Directions for this task:
Produce exactly the lines from the one holding "a bathroom with" through the last line of the data below, with every picture left out.

Data for the task:

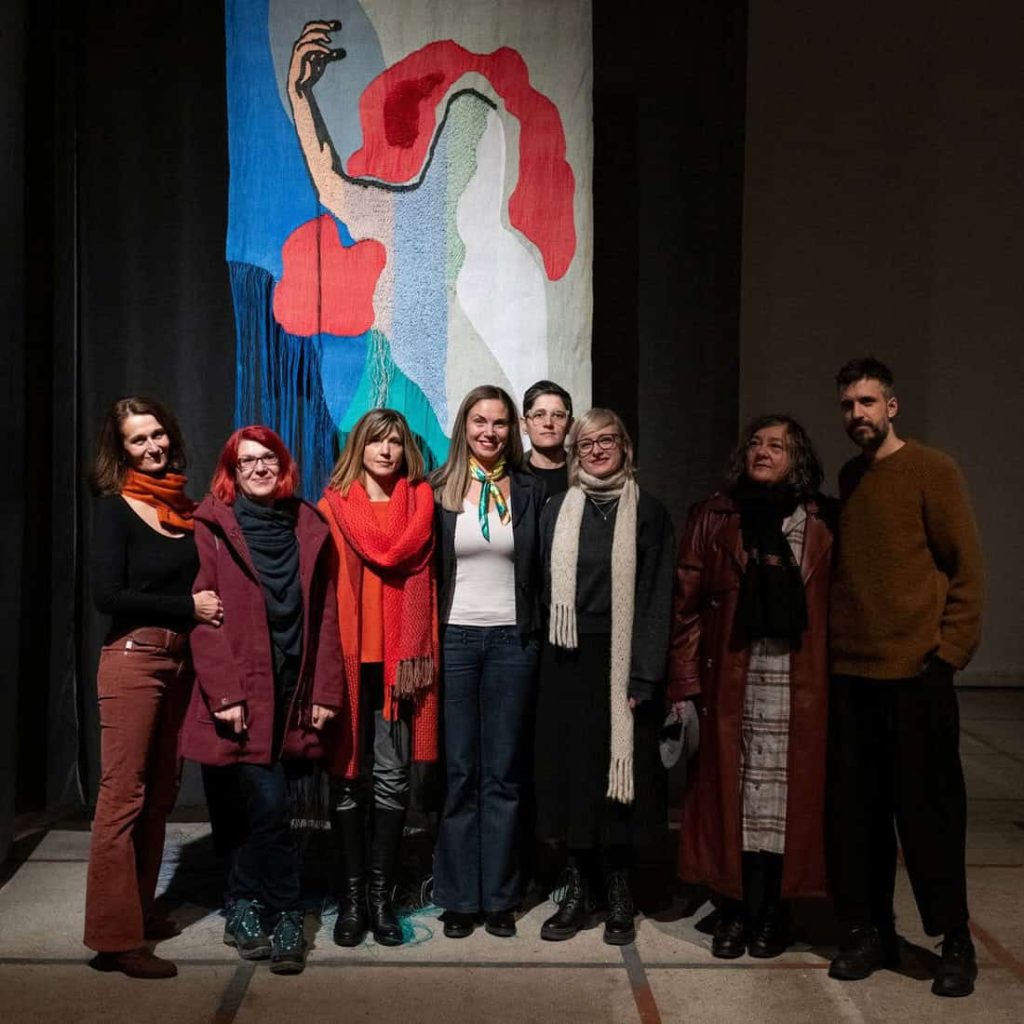 Осам људи стоји заједно у затвореном простору испред шареног, апстрактног текстилног уметничког дела са смелим црвеним, плавим и беж облицима, са фигурама подигнуте руке. Већина групе носи шалове и тамну одећу, осмехујући се у камеру.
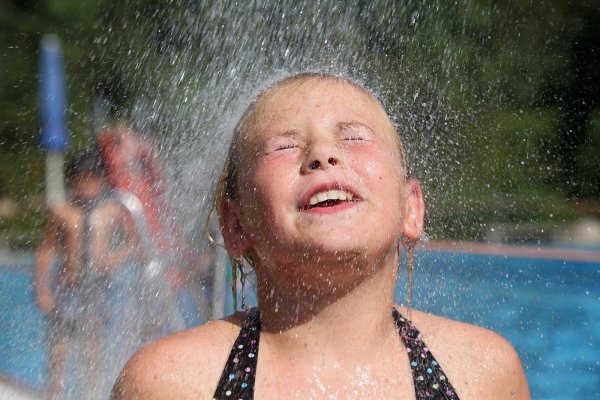 Im Schatten sind es gut 30 Grad, in der Sonne noch viel mehr. Die neunjährige Kim genießt die kalte Dusche im Freibad Heiden. - © Bernhard Preuß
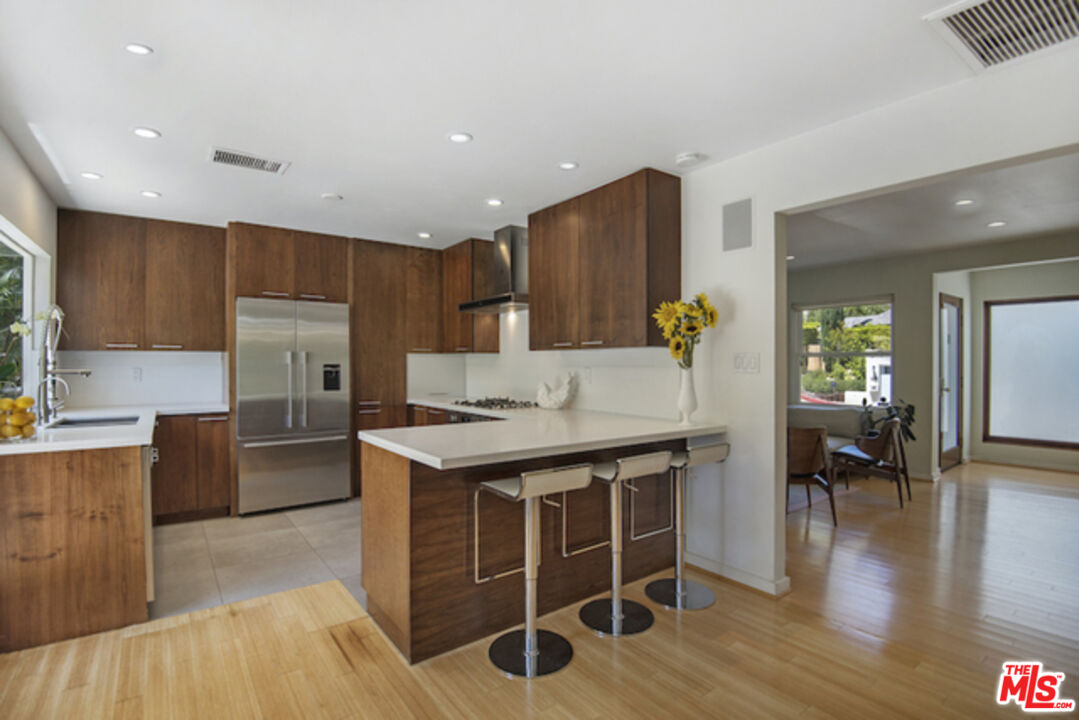 8152 Amor Road Los Angeles, CA 90046 - Photo 6 of 27 a kitchen with granite countertop a stove top oven a sink a dining table and chairs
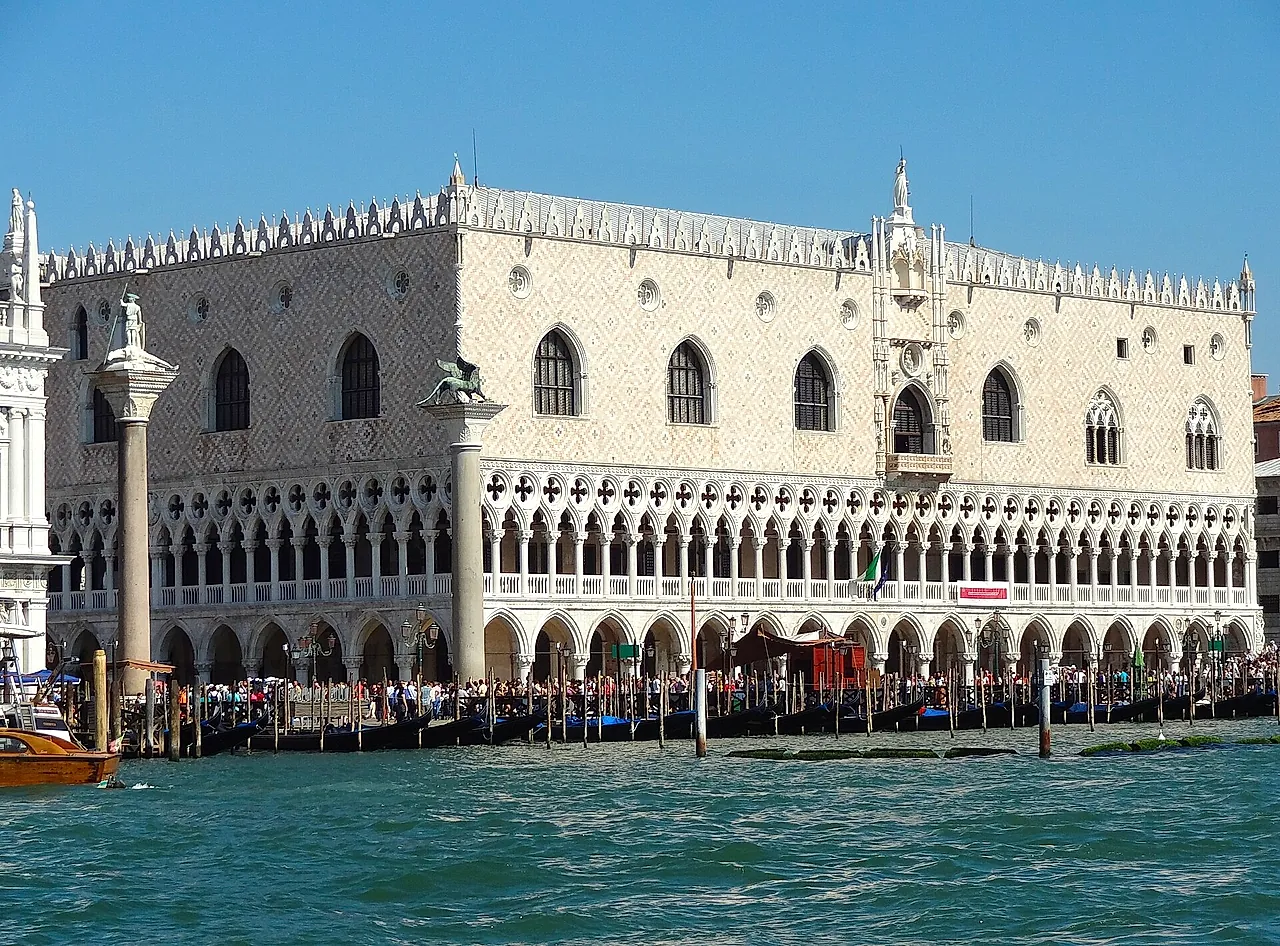 The Gothic façade of the Doge's Palace on the waterfront, with white arcades and a pink-and-white patterned wall under a blue sky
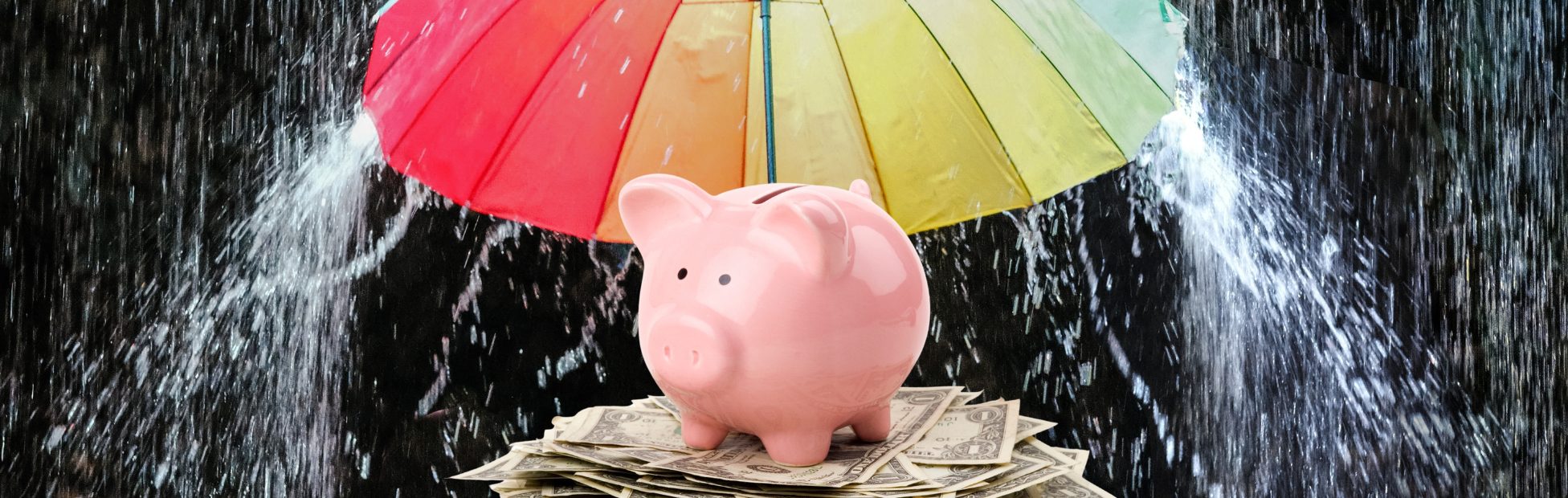 Tirelire rose protégée de la pluie par un parapluie coloré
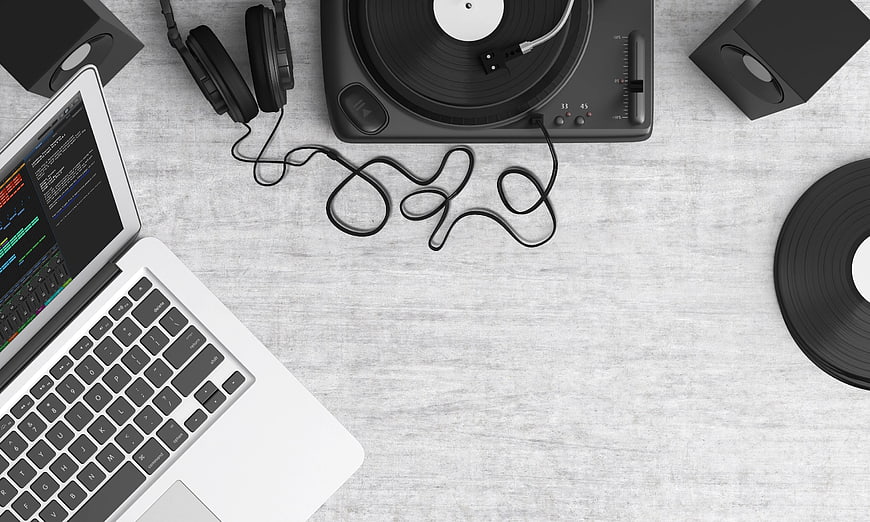 Top view of laptop, turntable, and headphones on gray desk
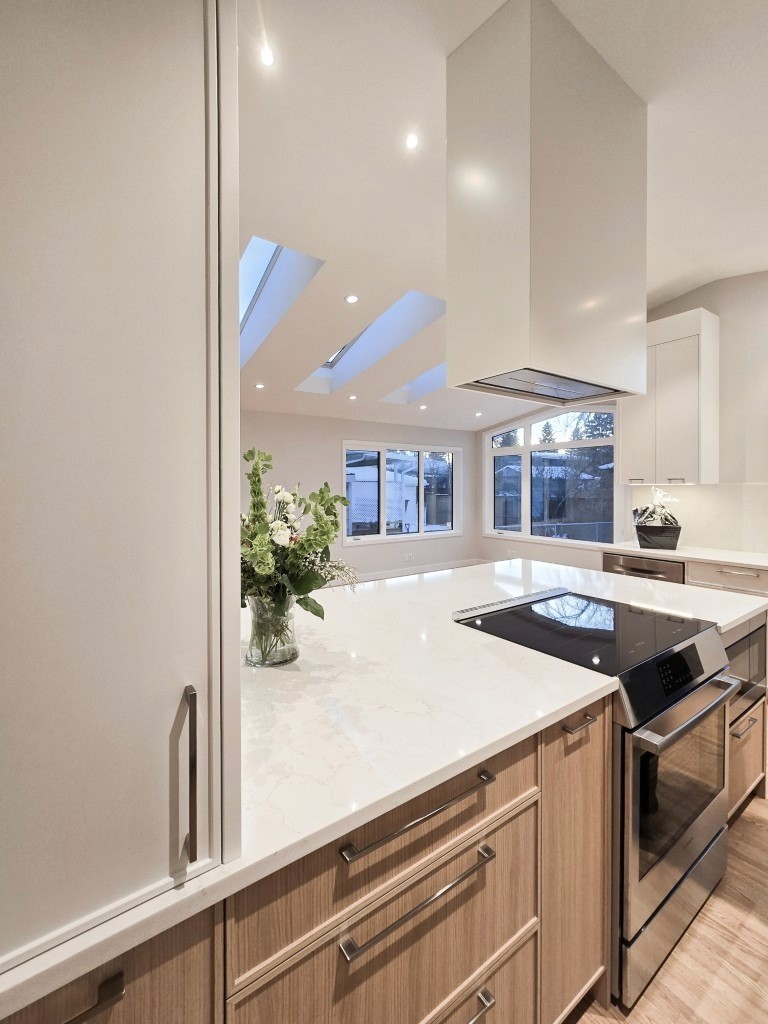 Image of Modern kitchen design with large island, skylights, and stainless steel appliances by KHD Homes.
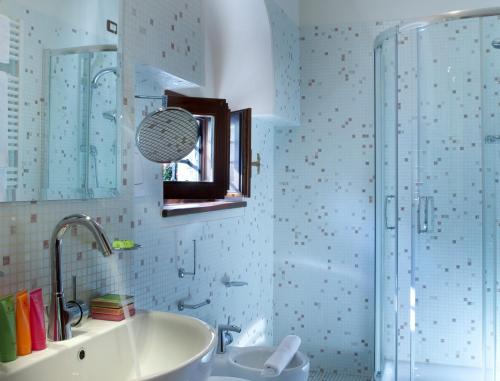 a bathroom with a sink and a shower at Hotel Villa Giulia in Gargnano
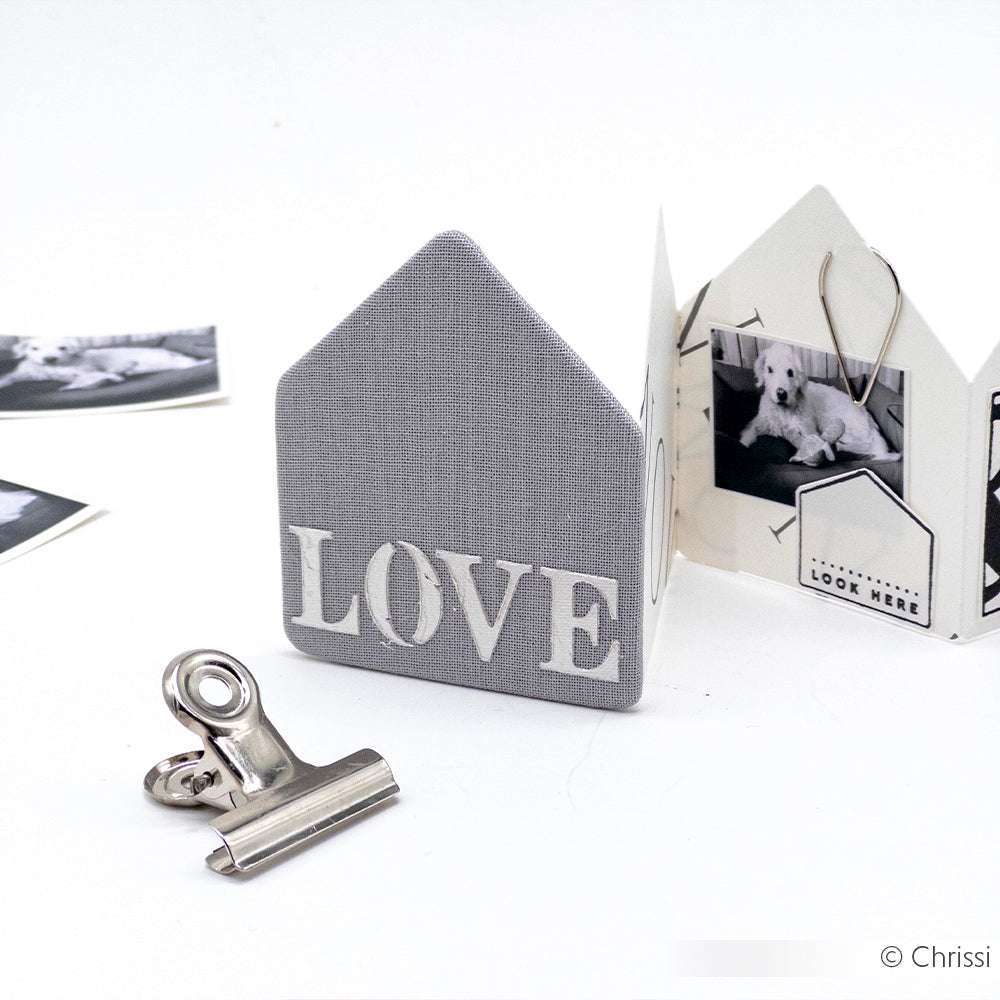 Das graue Hausdekor mit LOVE-Schriftzug von Alexandra Renke verfügt über ein Fotoalbum, eine Metallklammer und schwarz-weiße Hundefotos - perfekt, um Erinnerungen zu präsentieren und Papierprojekte mit Schablonen oder Schablonen in Szene zu setzen.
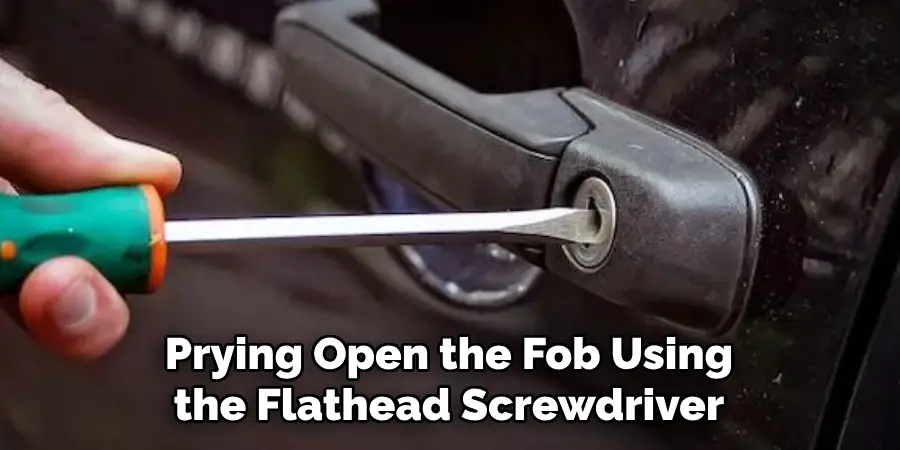 Prying Open the Fob Using the Flathead Screwdriver
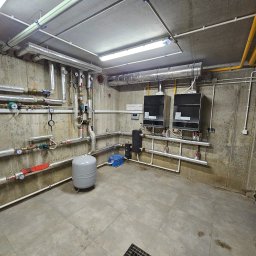 INSTALACJE Patryk Sędziński - Węzeł cieplny w piwnicy: dwa piece grzewcze, zbiornik wyrównawczy, liczne rury miedziane i stalowe z zaworami i manometrami, betonowe ściany i podłoga z płytek.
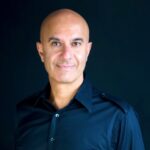 A portrait of leadership expert and author Robin Sharma, smiling confidently in a sharp, casual navy blue T-shirt in a neutral background.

Answer section:
 a bathroom with a sink and a shower at Hotel Villa Giulia in Gargnano
 Das graue Hausdekor mit LOVE-Schriftzug von Alexandra Renke verfügt über ein Fotoalbum, eine Metallklammer und schwarz-weiße Hundefotos - perfekt, um Erinnerungen zu präsentieren und Papierprojekte mit Schablonen oder Schablonen in Szene zu setzen.
 Prying Open the Fob Using the Flathead Screwdriver
 INSTALACJE Patryk Sędziński - Węzeł cieplny w piwnicy: dwa piece grzewcze, zbiornik wyrównawczy, liczne rury miedziane i stalowe z zaworami i manometrami, betonowe ściany i podłoga z płytek.
 A portrait of leadership expert and author Robin Sharma, smiling confidently in a sharp, casual navy blue T-shirt in a neutral background.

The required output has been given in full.